▶ **Task objective**
Each line of the data below that holds the word "Black" is to be reported in full.

▶ **Material supplied**
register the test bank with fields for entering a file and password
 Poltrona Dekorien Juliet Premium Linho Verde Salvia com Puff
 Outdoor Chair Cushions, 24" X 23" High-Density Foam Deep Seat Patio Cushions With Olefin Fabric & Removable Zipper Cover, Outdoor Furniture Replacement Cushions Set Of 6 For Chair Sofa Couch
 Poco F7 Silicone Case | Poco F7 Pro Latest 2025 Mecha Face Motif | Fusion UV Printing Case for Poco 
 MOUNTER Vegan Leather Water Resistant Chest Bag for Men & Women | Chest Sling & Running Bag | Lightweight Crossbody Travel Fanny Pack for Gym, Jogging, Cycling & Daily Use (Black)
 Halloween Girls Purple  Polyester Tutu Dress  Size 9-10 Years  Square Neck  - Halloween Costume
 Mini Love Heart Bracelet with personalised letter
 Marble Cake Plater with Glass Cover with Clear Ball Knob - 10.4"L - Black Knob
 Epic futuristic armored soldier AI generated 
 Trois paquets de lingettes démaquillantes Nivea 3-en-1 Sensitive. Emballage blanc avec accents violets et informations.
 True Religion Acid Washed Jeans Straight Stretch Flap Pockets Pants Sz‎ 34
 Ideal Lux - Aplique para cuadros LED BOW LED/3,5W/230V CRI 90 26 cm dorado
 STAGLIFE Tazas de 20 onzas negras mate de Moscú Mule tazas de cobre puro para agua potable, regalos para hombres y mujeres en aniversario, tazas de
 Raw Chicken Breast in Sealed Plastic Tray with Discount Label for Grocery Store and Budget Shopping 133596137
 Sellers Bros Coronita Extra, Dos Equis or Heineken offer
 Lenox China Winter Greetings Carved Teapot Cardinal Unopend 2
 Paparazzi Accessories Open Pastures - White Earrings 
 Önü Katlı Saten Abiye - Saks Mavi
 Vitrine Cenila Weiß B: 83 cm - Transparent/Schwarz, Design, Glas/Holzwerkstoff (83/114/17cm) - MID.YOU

▶ **Expected answer**
 MOUNTER Vegan Leather Water Resistant Chest Bag for Men & Women | Chest Sling & Running Bag | Lightweight Crossbody Travel Fanny Pack for Gym, Jogging, Cycling & Daily Use (Black)
 Marble Cake Plater with Glass Cover with Clear Ball Knob - 10.4"L - Black Knob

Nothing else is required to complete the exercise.